If the horn is in phase with the reference speaker, you should hear an increase in loudness directly between them. If out of phase, it will get louder on either side of center.
See if you can make that work to ID the + wire of your horn.
Are you able to touch the diaphragm? If so you can tap it while using a voltmeter on the poles, the value should be negative. In theory, have not tried it myself.
The concept of polarity doesn't apply to the output of long horns since the waves spin different times getting to the output. With DSP, you can find a sort-of-a-bit preferred phase for the driver in its interaction with the other speakers. But jjasniew's clever technique does not reveal how your interaction plays out since his reference is located at the horn's output, not where your other speakers are.
B.
B.
I (really) think the most simple solution is to build it all up, download an audio analyser on your phone and measure the system output with pink noise. When you hook up things wrong, you'd likely get a lower output at the crossover band. Free apps that do this for you are the AudioTools basic bundle and the Etani RTA app.
Respectfully, as someone who has fooled with polarity and phase for horns and remote subs, you need a freq check (REW) to see the results for each polarity. Sometimes hard to decide which is better and so a clearer understanding of which sounds better and why helps.
Likely, the two polarities will sound comparably loud on white noise.
No, this doesn't match naive notions of polarity.
B.
Likely, the two polarities will sound comparably loud on white noise.
No, this doesn't match naive notions of polarity.
B.
In case of a stereo pair of speakers, wires must be set similarly! I your speakers are 2-way construction, simple listening test will be enough.
Poor design is obviously common with 2-way speakers with compression driver/horn, making highpassed driver to be several cycles late. This will make polarity checking complicated without measurements. Also no so important, unless one has a pair of speakers...
Poor design is obviously common with 2-way speakers with compression driver/horn, making highpassed driver to be several cycles late. This will make polarity checking complicated without measurements. Also no so important, unless one has a pair of speakers...
Hi, i'm constantly matching polarities, on 4 and 5-way DIYs....most all with CDs.
Best way no doubt is to measure impulse response using linear view, looking for tallest absolute value peak, and making it positive.
Without that, as you know 9v battery works great for cones.
Also works for CD, although i'd use a 1.5v battery.
A single sheet of one-ply toilet paper, or thin plastic food wrap, over the CD exit hole can usually be seen to puff out a little when polarity positive.

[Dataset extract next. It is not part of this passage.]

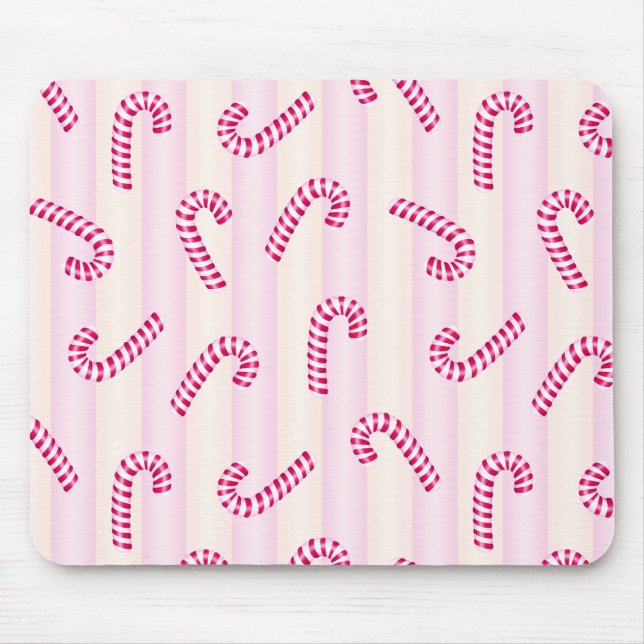 Mousepad Padrão de Candycanes Rosa de Natal (Frente)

Oh, I strongly disagree with the comment that polarity doesn't apply to horn output. Never met such yet......
Best way no doubt is to measure impulse response using linear view, looking for tallest absolute value peak, and making it positive.
Without that, as you know 9v battery works great for cones.
Also works for CD, although i'd use a 1.5v battery.
A single sheet of one-ply toilet paper, or thin plastic food wrap, over the CD exit hole can usually be seen to puff out a little when polarity positive.
Oh, I strongly disagree with the comment that polarity doesn't apply to horn output. Never met such yet......
If you can remove tweeter driver from a horn and put it very close to reference driver than method by jjasniew will work if you use single frequency with wavelenght several times longer than distance between drivers.
Q:How do you know if crossover is designed so that polarity is same or opposite for woofer and compression driver/tweeter?
A: By measuring the acoustic output
ps. Once I had a ready-made xo for a kit speaker, where tweeter connectors were marked wrong way, obviously to minimize mistakes by random builders. I have also seen some refurbished speakers where wires connections were "corrected", which was wrong for LR2 xo.
A: By measuring the acoustic output
ps. Once I had a ready-made xo for a kit speaker, where tweeter connectors were marked wrong way, obviously to minimize mistakes by random builders. I have also seen some refurbished speakers where wires connections were "corrected", which was wrong for LR2 xo.